- **PROBLEM**: Output the exact lines that start at the one containing "Cell tower on the sunset sky" and continue to the last line of the entries below; do not output pictures.

Stored items from a collection
= Beginning of Section =

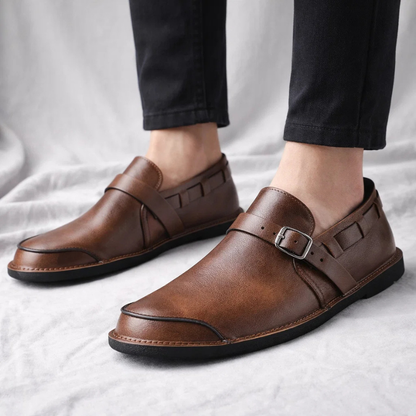 Stylish men's dress loafers with a refined buckle detail. Perfect for a polished, versatile fashion statement. Comfort footwear.
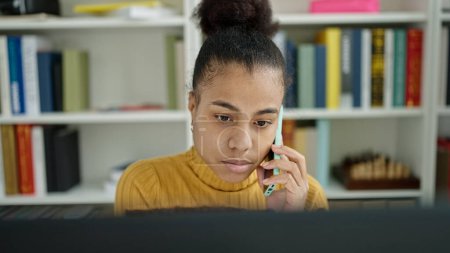 Téléchargez les photos : Jeune étudiante afro-américaine utilisant un ordinateur parlant au téléphone à la bibliothèque - en image libre de droit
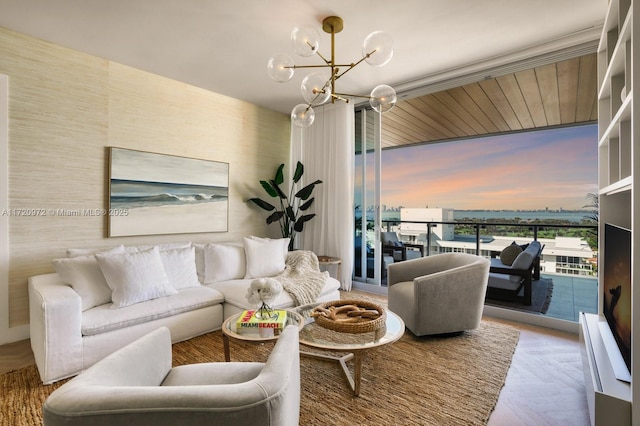 living room with parquet floors and a notable chandelier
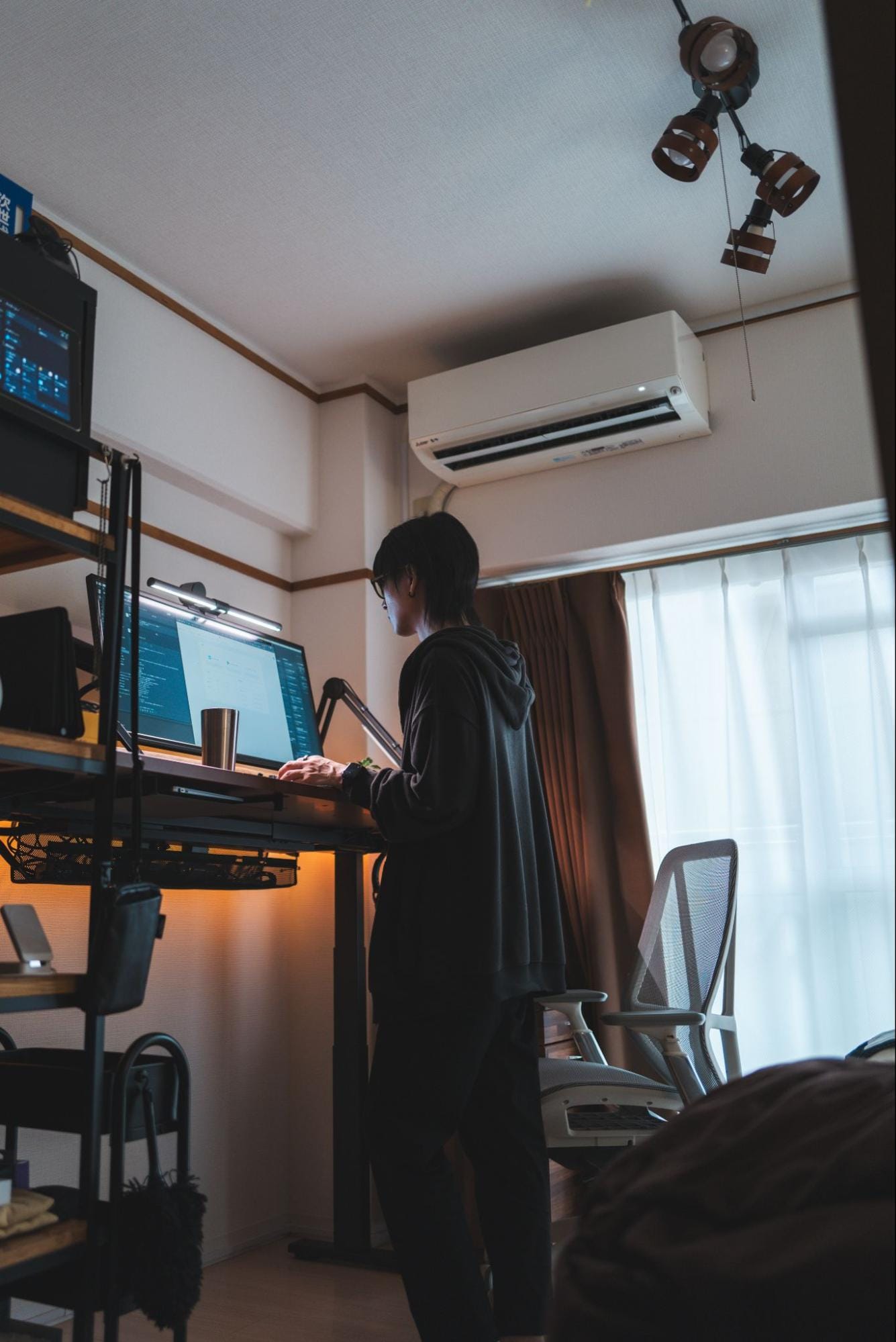  A person standing and working at a Palmwork Elevating Desk with a JAPANNEXT JN-VG34100UWQHDR monitor illuminated by a BenQ ScreenBar Halo, next to a Palmwork chair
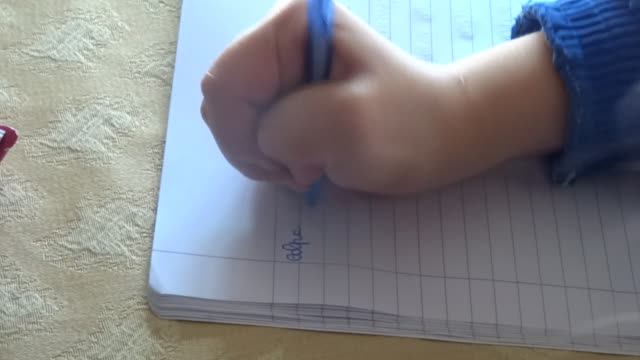Child-Hands-writing-on-the-book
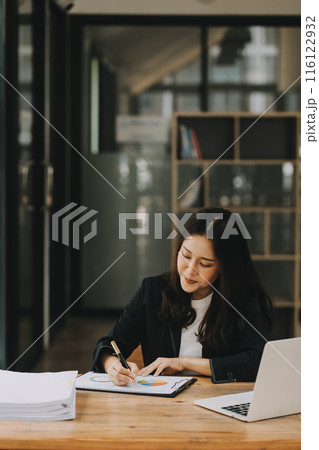 Cheerful business lady working on laptop in office, Asian happy beautiful businesswoman in formal suit work in workplace. Attractive female employee office worker smile. Cheerful business lady working on laptop in office, Asian happy beautiful businesswoman in formal suit work in workplace. Attractive female employee office worker smile. 116122932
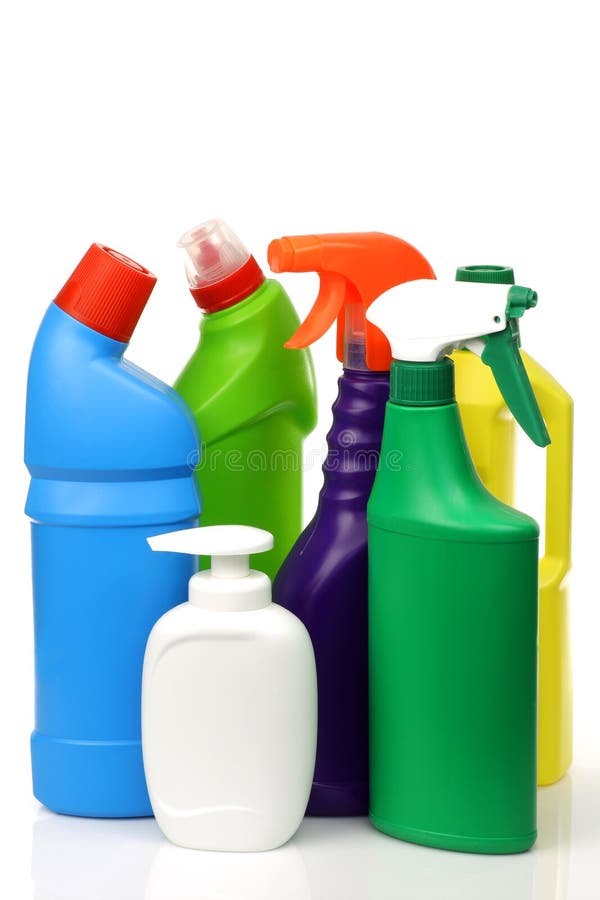 Plastic cleaning bottles in various colors stock images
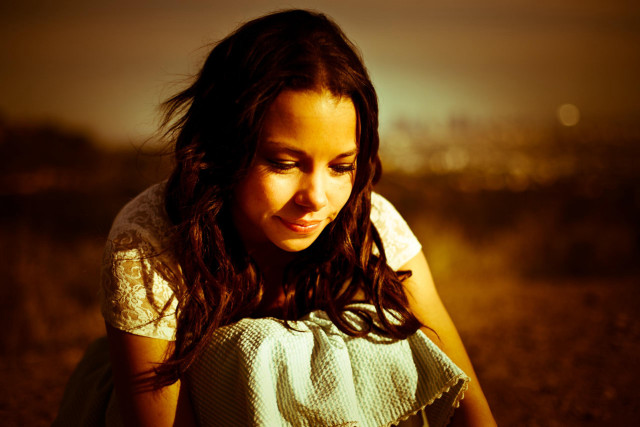 Girl sitting field cellphone city free wallpaper - medium preview image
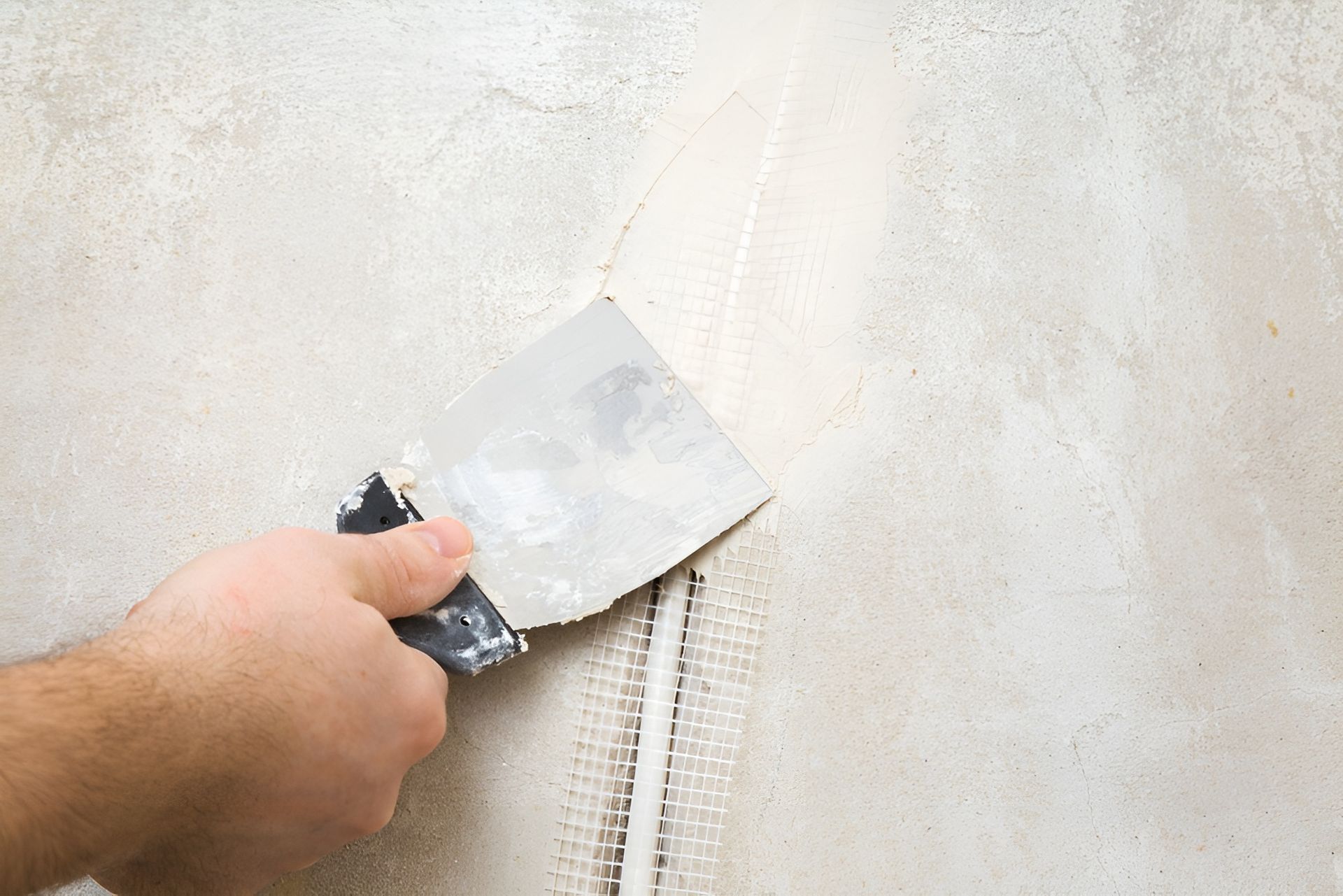 Hand Using a Putty Knife to Apply Compound Over Mesh Tape in A Wall Seam — Frenchy’s Plaster & Paint in Bellamack, NT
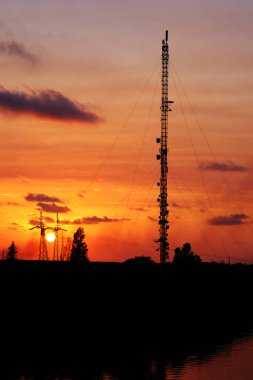 Cell tower on the sunset sky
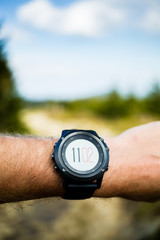 Runner on mountain trail looking at stopwatch, activity tracker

= End of Section =

- **SOLUTION FOR THIS PROBLEM**:
 Cell tower on the sunset sky
 Runner on mountain trail looking at stopwatch, activity tracker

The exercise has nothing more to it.